# Say goodbye to tinaunderthebridge and loakglen...



## Joe Blow (5 October 2005)

...and say hello to Snake Pliskin and Milk Man.   

Just thought I'd let you all know about the username changes so everybody knows who is who.


----------



## Knobby22 (5 October 2005)

Milk man?


----------



## It's Snake Pliskin (5 October 2005)

Joe Blow said:
			
		

> ...and say hello to Snake Pliskin and Milk Man.
> 
> Just thought I'd let you all know about the username changes so everybody knows who is who.




Thanks for making it official Joe.  

Snake


----------



## Knobby22 (5 October 2005)

Oh I get it.


----------



## Happy (5 October 2005)

Is it in straight or reverse order?
Also, are they in any way connected?

Bit odd, and I did not say odd couple (yet   ).


----------



## Happy (5 October 2005)

And imagine that it all started by Tech/a looking at hairy legs or between (not sure), only to be confronted with the snake   .


----------



## Happy (5 October 2005)

Last one, promise   

Looking at the names harder I just realised that one can milk snake, quite crafty couple I say, not odd at all, if anything more complimentary.

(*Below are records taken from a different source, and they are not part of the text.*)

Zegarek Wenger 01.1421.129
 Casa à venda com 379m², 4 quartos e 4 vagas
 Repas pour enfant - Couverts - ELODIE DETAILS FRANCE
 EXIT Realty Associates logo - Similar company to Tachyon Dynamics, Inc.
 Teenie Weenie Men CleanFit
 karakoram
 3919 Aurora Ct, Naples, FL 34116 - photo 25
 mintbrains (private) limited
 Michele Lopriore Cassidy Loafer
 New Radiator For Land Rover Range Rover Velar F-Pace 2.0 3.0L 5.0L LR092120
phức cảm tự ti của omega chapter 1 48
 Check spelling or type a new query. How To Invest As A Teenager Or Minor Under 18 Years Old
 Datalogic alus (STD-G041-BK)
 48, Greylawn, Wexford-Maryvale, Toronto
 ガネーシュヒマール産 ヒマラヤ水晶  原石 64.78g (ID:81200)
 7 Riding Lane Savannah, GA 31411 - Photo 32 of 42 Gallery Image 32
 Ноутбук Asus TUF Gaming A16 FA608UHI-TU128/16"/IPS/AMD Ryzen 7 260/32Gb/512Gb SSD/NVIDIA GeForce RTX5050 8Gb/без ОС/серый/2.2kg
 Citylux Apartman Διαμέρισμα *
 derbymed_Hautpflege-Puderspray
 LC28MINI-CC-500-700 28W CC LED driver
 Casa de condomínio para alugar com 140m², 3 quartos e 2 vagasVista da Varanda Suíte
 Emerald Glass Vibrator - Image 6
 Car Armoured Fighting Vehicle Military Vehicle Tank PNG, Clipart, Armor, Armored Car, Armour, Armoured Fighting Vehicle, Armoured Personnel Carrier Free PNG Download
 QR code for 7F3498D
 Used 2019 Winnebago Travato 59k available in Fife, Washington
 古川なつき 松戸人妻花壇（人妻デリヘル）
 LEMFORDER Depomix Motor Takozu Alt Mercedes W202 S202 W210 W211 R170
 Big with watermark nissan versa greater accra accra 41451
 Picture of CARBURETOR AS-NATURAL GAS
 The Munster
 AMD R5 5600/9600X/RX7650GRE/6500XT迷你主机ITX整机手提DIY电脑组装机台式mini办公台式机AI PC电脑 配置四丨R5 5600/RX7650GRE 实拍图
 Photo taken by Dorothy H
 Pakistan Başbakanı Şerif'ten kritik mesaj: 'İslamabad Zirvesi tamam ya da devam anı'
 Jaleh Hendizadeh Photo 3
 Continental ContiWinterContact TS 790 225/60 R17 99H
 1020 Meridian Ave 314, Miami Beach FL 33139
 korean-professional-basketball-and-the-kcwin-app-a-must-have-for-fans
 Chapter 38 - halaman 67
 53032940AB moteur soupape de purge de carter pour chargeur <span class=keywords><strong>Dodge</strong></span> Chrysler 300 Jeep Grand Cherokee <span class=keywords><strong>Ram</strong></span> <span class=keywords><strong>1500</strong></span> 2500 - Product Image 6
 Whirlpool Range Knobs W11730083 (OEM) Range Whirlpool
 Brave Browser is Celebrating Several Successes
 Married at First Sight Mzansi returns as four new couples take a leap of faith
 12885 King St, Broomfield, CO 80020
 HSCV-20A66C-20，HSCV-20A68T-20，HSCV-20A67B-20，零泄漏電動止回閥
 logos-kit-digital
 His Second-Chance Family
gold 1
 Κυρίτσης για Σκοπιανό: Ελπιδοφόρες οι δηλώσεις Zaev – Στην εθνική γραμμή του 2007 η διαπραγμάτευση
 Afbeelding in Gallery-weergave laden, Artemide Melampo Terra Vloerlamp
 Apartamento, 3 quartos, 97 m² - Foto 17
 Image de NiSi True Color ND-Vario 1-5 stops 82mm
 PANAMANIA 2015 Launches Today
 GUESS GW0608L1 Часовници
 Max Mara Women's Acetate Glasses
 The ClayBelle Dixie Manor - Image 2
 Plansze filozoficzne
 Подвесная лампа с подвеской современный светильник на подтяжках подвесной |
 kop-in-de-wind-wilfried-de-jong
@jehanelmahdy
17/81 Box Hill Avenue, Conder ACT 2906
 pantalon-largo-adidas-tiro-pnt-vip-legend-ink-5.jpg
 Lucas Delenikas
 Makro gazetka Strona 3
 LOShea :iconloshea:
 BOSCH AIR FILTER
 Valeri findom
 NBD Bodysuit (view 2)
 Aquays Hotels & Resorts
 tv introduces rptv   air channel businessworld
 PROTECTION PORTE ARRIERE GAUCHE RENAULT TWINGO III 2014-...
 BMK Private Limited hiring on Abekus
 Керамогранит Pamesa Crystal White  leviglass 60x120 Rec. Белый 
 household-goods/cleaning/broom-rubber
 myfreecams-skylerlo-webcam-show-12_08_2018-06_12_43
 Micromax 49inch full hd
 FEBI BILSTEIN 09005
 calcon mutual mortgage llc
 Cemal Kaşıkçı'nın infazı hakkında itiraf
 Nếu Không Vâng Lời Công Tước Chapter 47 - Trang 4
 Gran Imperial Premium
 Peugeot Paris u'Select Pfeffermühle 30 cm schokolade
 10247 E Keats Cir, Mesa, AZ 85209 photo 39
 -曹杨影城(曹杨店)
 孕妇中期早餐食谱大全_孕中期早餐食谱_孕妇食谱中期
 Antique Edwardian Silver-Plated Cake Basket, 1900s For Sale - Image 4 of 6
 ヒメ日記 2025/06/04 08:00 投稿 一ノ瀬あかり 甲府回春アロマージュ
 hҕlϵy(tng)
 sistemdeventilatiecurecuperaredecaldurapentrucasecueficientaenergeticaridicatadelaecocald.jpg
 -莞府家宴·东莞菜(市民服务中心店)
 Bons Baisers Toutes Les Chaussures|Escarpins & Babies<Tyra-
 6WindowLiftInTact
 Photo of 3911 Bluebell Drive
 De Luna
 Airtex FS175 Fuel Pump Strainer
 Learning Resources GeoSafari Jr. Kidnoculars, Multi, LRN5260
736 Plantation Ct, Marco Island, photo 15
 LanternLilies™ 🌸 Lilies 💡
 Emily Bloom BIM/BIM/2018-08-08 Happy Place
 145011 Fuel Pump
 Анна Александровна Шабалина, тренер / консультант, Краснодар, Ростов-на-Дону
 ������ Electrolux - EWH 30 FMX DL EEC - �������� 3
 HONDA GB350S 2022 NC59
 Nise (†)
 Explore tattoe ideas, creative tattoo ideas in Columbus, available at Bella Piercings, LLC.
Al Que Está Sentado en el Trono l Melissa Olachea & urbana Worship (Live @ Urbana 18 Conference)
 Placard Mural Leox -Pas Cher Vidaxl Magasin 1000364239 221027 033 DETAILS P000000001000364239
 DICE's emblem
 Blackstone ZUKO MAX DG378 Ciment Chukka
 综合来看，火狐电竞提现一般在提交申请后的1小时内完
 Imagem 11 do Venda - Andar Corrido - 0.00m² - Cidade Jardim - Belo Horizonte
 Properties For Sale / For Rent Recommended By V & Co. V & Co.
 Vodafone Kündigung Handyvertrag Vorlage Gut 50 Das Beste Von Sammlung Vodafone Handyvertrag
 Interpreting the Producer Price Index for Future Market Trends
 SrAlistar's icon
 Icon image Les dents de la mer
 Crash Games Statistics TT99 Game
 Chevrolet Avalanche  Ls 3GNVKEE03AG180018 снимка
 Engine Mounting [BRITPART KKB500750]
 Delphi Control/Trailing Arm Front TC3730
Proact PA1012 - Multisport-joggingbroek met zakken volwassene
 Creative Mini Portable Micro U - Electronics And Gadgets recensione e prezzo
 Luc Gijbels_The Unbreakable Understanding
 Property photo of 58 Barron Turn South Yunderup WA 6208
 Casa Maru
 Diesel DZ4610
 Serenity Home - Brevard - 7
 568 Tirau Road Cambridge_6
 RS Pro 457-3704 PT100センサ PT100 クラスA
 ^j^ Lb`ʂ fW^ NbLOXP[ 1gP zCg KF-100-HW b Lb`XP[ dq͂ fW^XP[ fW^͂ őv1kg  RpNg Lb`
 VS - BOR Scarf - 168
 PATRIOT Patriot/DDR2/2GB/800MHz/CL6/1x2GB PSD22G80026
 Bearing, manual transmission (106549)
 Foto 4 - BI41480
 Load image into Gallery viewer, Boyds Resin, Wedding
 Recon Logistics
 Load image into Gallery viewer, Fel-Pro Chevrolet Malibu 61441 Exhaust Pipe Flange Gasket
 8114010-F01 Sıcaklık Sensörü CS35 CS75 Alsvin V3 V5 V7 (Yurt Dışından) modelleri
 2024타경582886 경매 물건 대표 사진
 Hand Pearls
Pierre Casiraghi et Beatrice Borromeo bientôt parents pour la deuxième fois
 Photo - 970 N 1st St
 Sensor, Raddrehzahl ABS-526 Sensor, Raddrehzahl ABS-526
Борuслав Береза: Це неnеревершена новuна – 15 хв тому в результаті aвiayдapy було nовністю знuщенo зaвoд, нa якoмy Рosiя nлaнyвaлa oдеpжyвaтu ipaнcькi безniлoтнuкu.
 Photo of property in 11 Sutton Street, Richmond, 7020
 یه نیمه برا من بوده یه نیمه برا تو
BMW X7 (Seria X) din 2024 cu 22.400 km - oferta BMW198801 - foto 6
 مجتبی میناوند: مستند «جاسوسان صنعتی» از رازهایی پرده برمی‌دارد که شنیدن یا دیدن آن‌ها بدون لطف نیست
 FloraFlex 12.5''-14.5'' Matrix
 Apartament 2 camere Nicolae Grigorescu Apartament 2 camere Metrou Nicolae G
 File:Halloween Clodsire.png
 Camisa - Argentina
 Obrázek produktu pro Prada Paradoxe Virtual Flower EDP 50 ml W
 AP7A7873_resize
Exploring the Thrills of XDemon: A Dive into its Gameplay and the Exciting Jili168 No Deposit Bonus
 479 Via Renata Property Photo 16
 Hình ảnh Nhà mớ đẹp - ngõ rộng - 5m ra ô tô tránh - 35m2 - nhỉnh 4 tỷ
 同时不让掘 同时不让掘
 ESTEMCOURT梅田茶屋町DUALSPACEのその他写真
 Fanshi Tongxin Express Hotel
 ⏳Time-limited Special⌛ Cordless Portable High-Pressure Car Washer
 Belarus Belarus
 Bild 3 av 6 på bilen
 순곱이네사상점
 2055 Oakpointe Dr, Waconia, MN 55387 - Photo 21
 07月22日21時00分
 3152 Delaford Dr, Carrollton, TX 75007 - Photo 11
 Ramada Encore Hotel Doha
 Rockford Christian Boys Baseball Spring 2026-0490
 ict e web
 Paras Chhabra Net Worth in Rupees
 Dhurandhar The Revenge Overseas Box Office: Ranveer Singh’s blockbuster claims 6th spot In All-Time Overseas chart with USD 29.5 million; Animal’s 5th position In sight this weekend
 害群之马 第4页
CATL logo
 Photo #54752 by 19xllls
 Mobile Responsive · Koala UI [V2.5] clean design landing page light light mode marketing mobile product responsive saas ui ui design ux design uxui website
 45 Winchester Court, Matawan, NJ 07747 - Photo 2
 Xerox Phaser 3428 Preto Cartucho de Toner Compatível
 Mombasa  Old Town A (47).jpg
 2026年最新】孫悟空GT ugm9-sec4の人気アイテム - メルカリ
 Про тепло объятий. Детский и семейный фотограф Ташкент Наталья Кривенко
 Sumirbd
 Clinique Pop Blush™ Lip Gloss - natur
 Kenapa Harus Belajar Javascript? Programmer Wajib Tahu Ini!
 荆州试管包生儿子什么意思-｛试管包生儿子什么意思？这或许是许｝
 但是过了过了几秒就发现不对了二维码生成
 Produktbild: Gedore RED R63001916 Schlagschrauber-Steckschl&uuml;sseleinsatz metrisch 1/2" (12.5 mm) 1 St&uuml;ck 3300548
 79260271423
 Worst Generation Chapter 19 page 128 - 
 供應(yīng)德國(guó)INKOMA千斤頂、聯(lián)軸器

I better disappear for a while, until dust settles down, hope I will not need snake oil to get better.


----------



## Milk Man (6 October 2005)

Knobby22 said:
			
		

> Oh I get it.




So did your mum!   Sorry couldnt help it. This milk man thing should make for some interesting wordplay! Now someone come up with a sentence with Knobby, Snake and Milk Man in it. Could sound like a porno.


----------



## Knobby22 (6 October 2005)

Too true!


----------